The shoreline is relatively snow free, so it is possible to walk along the rocky paths. You do have to watch out for ice patches that spill over to meet the ocean. I didn't find much of interest in shoreline debris, though mangled traps are always a presence. There is a huge pile over on Sunset Lagoon which will likely be there for some time.

I left the beaches, and again hunted for the elusive porcupine. There were no tracks near the Sou'wester, and in the usual places leading to dens under the latrines. The deer tracks made up for that deficiency, and I followed them across Western Reach. I easily spotted several deer beds in campsites, like this one. The deer had bedded down on an incline, but not under an evergreen tree where I usually find them. I was amused at the proximity to the snow covered fire pit......why didn't it snuggle down in that oval depression?! You will notice that the warmth of the deer must have melted the snow, making the bed easier to spot. There were others in this area, but more scattered about.

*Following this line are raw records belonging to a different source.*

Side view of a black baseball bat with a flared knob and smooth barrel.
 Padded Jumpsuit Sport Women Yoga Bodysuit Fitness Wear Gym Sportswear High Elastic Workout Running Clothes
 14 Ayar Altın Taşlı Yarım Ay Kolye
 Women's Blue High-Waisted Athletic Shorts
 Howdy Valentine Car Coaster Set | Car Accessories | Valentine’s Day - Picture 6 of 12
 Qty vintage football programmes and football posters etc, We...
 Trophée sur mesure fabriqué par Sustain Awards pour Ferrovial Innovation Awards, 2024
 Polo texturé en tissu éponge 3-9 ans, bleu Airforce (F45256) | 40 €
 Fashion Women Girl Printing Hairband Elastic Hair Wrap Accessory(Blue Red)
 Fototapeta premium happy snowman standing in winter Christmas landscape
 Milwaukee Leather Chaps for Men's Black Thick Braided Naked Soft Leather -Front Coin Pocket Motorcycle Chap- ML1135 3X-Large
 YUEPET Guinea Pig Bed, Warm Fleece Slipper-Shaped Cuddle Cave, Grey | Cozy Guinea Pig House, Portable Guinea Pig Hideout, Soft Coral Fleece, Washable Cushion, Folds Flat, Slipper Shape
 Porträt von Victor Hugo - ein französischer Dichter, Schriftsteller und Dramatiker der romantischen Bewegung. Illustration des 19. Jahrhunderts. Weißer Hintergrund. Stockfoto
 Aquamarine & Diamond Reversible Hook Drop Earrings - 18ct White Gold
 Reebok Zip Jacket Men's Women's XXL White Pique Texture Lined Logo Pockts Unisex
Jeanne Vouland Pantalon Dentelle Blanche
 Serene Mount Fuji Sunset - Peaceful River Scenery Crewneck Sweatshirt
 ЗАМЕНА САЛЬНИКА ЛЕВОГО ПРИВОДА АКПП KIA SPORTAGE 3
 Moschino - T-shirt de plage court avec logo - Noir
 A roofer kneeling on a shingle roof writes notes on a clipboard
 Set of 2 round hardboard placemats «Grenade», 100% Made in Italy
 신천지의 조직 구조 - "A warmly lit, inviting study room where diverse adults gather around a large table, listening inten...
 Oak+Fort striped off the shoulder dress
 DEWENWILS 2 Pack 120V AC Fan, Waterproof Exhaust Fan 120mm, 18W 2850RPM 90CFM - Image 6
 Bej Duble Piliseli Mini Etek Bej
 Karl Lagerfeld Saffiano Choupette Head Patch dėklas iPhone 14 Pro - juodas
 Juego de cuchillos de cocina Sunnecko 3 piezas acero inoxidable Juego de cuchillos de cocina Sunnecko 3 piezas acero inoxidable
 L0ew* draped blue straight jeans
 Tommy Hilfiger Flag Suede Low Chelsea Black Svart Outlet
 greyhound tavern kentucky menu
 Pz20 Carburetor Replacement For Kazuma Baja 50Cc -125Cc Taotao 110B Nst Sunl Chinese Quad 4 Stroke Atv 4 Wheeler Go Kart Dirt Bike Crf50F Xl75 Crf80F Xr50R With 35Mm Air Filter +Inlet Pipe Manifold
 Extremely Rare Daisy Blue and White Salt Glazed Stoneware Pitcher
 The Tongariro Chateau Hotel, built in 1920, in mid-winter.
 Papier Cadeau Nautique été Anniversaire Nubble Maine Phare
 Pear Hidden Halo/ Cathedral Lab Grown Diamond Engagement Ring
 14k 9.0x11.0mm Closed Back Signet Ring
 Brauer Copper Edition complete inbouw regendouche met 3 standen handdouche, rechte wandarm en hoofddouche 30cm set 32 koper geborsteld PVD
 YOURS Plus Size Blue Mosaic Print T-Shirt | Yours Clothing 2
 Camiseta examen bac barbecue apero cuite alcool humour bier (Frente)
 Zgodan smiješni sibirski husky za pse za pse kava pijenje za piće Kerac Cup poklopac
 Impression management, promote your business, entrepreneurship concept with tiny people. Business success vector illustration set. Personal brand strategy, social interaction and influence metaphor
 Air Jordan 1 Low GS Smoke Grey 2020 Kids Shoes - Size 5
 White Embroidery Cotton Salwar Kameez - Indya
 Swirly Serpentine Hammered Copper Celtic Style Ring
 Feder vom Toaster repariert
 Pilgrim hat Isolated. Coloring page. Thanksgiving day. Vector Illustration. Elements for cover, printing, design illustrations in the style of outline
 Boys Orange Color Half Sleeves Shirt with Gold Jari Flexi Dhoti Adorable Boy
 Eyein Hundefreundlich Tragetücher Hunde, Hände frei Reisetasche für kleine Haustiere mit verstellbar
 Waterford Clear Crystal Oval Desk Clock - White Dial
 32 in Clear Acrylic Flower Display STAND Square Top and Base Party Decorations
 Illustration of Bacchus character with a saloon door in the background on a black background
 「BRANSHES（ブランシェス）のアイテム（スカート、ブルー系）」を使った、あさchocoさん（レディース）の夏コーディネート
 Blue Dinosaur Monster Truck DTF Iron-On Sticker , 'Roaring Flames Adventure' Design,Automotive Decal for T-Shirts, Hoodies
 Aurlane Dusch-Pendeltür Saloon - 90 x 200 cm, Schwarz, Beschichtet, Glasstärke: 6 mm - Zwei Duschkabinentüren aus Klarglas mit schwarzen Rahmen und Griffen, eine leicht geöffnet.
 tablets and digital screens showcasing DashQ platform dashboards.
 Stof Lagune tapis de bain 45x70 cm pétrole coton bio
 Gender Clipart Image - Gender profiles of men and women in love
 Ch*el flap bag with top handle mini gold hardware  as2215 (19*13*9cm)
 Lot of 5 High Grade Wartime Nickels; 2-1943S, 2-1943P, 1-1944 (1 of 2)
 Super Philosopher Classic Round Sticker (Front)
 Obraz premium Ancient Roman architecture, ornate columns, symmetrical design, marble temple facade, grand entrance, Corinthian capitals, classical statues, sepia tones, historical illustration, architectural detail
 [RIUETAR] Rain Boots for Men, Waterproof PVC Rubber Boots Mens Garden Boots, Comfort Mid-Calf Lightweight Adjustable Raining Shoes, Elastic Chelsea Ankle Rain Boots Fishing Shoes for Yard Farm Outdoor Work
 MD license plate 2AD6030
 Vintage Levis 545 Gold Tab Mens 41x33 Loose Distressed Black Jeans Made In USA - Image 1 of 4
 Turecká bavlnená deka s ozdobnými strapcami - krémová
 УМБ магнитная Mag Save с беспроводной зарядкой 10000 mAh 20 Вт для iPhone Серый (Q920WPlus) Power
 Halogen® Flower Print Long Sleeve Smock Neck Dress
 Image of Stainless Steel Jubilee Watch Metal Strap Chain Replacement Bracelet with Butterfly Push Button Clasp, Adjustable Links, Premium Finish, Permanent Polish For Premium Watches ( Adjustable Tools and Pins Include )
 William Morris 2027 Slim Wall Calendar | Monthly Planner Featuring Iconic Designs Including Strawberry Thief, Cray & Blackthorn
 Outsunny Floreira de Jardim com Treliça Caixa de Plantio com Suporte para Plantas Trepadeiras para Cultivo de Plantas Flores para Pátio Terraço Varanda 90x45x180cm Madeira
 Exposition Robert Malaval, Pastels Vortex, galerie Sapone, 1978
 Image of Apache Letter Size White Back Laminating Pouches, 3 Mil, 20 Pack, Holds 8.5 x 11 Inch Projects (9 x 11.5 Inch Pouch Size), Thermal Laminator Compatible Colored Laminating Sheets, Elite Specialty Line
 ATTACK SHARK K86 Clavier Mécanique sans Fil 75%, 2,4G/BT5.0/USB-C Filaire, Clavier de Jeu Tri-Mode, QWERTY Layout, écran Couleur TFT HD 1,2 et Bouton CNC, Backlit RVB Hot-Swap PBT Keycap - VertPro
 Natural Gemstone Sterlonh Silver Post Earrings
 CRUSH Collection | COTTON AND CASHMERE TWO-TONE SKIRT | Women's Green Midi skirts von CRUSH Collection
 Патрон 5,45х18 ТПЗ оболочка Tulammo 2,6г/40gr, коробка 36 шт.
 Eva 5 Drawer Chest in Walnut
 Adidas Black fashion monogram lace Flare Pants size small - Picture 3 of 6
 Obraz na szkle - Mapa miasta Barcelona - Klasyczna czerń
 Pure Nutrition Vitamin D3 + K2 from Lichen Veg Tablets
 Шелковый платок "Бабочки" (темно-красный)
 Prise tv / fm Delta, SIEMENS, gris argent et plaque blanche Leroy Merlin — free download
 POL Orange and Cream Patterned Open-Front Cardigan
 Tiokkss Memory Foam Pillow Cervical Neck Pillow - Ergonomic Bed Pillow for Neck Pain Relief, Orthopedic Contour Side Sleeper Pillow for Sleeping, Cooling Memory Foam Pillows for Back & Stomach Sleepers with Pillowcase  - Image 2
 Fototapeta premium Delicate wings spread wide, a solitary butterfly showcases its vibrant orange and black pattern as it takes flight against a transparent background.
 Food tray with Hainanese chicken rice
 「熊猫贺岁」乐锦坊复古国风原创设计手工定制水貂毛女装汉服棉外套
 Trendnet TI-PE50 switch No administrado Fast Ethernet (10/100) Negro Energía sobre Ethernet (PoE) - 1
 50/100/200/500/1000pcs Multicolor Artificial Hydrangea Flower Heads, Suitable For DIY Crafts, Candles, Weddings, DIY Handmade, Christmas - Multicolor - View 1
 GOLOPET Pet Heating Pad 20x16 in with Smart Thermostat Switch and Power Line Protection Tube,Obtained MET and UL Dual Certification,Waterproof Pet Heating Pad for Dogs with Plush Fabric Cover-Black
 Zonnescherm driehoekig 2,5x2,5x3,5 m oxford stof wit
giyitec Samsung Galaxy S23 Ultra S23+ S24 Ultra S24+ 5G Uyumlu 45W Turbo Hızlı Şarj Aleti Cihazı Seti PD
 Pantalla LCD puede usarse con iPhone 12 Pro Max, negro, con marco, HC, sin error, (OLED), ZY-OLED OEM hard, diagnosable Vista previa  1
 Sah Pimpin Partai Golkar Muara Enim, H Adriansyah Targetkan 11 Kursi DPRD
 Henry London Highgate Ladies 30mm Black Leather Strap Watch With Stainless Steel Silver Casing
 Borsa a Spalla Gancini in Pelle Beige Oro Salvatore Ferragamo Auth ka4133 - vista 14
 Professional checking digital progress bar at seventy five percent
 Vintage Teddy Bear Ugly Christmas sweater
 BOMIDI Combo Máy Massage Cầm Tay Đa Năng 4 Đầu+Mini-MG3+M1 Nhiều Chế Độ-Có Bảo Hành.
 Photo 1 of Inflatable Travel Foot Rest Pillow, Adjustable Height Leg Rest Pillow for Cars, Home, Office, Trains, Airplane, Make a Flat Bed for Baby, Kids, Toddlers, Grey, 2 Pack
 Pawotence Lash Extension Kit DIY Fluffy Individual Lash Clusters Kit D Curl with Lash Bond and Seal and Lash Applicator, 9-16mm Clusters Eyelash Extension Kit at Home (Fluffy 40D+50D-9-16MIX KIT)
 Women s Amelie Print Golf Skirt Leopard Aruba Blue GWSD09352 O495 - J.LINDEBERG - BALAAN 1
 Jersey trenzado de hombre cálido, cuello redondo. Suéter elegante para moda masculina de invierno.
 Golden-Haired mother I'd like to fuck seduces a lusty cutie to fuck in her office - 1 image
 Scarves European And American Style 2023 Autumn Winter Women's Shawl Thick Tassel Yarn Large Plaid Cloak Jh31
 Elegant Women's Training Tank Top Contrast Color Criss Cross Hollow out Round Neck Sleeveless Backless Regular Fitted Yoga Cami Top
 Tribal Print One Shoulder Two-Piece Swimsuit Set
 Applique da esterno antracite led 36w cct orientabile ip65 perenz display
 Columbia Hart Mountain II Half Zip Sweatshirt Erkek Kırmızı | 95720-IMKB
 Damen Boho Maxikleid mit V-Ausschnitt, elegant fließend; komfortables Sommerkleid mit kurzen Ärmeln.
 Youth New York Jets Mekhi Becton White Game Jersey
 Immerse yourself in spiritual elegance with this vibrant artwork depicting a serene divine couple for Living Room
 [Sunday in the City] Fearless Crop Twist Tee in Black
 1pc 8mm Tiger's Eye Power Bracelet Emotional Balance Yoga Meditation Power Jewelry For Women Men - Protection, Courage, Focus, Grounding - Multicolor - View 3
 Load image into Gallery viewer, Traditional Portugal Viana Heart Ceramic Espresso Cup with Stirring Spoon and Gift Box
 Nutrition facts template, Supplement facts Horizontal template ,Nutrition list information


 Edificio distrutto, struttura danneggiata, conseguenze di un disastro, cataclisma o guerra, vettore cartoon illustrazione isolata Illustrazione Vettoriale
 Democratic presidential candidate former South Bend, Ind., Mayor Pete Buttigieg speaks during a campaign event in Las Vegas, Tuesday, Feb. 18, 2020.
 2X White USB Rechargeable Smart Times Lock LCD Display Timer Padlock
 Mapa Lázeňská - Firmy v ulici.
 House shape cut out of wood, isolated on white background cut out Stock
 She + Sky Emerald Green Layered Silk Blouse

The week ended quite a bit colder, but not cold enough to stop outdoor activity here in Phippsburg. Shacks are now set up on Center Pond, and ice fishing has begun in earnest. One of these days I will venture out to see what is being caught. Instead, I took part in a program at the Sportsmen's Club where opportunities were given to snowshoe, cross country ski, ride a dog sled or do some tracking. There are trails behind the club which were used for these activities. I chose to follow the tracking expedition. Frankly, I found better tracking at the campground. I was most amused by the sleds that were pulled by enthusiastic dogs. There was a lot of shouting and happy sounds coming from that robust activity. I was also impressed by some of the gear worn by these Mainers, my favorite being this local guy wearing a hat made from a coyote skin! Most of these people are drawn to the club because of their love of hunting, and it showed. As I was leaving these vibrant scenes on a snowy, cold, but sunlit afternoon, I stopped when I noticed a clever cover for a trailer hitch. Now you know, this truck belonged to a hunter in moose country! 1/10/10 Ronnie, enjoying Maine winters.